**Problem to solve:** Go through the listing and set it down exactly, leaving out its pictures.

**Data block:**
************
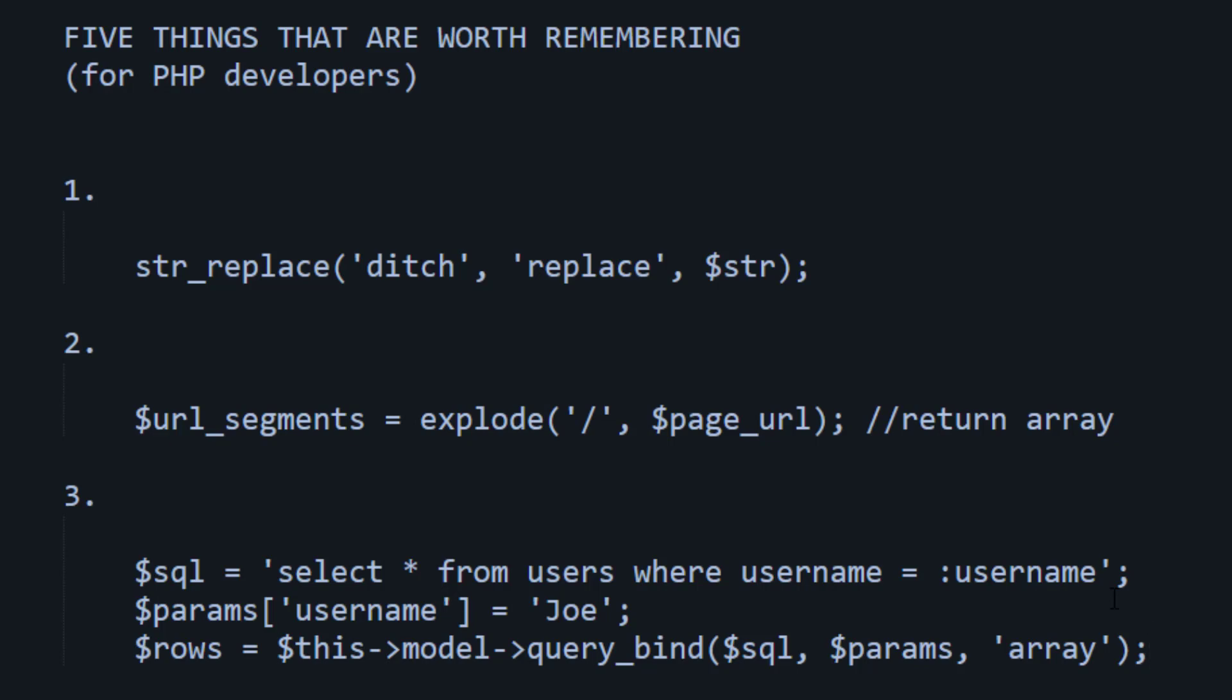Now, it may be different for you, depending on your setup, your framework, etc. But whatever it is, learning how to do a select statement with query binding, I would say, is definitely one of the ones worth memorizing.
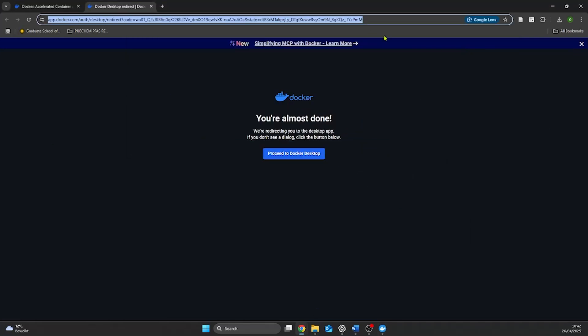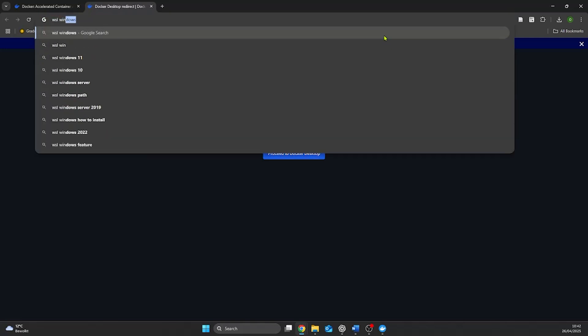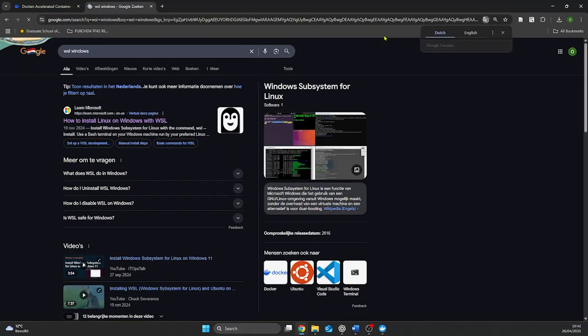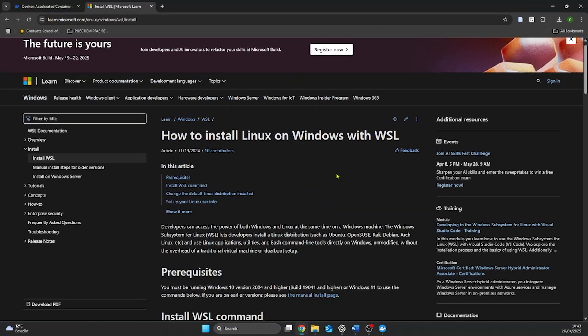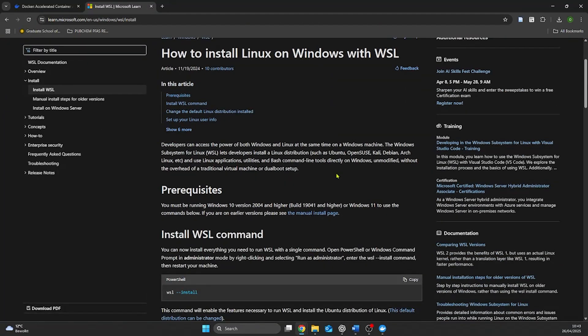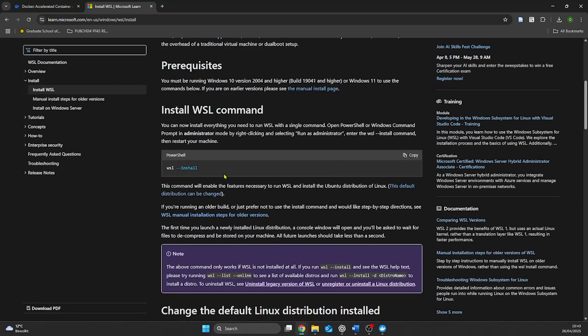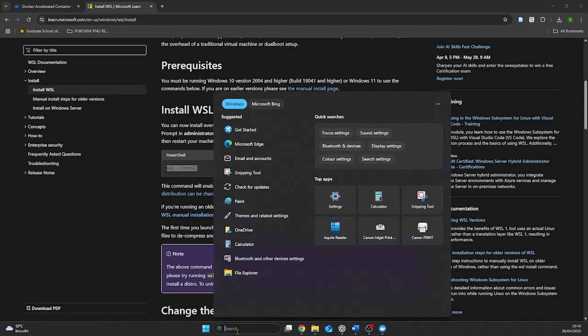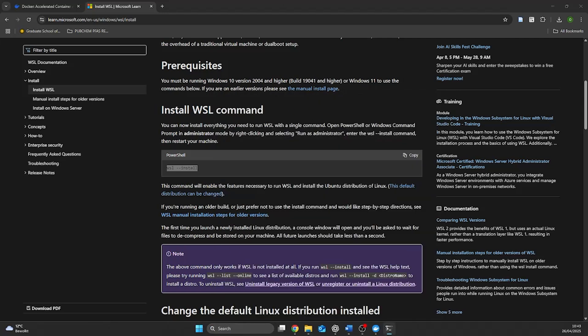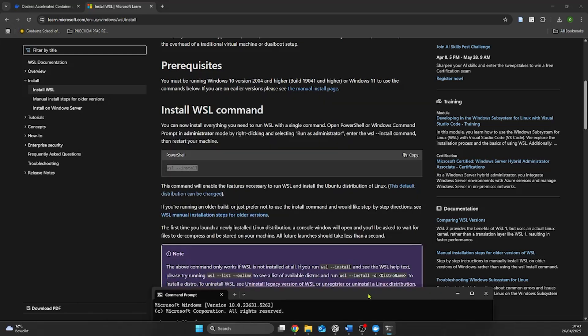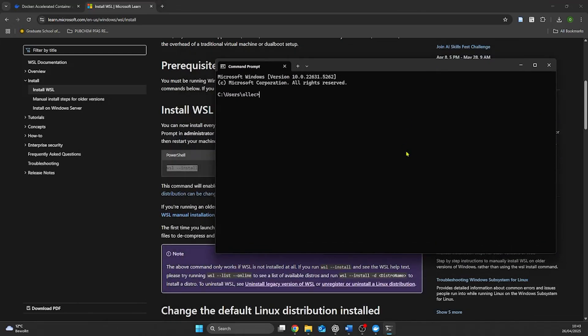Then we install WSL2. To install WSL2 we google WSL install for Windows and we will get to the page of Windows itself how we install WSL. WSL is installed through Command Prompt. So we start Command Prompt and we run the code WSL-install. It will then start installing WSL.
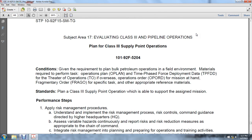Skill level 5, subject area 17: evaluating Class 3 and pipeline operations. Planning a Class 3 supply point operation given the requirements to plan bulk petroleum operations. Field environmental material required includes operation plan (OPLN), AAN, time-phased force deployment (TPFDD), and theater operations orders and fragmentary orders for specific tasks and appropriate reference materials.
************
**Solution for this task:**
Now, it may be different for you, depending on your setup, your framework, etc. But whatever it is, learning how to do a select statement with query binding, I would say, is definitely one of the ones worth memorizing.
Then we install WSL2. To install WSL2 we google WSL install for Windows and we will get to the page of Windows itself how we install WSL. WSL is installed through Command Prompt. So we start Command Prompt and we run the code WSL-install. It will then start installing WSL.
Skill level 5, subject area 17: evaluating Class 3 and pipeline operations. Planning a Class 3 supply point operation given the requirements to plan bulk petroleum operations. Field environmental material required includes operation plan (OPLN), AAN, time-phased force deployment (TPFDD), and theater operations orders and fragmentary orders for specific tasks and appropriate reference materials.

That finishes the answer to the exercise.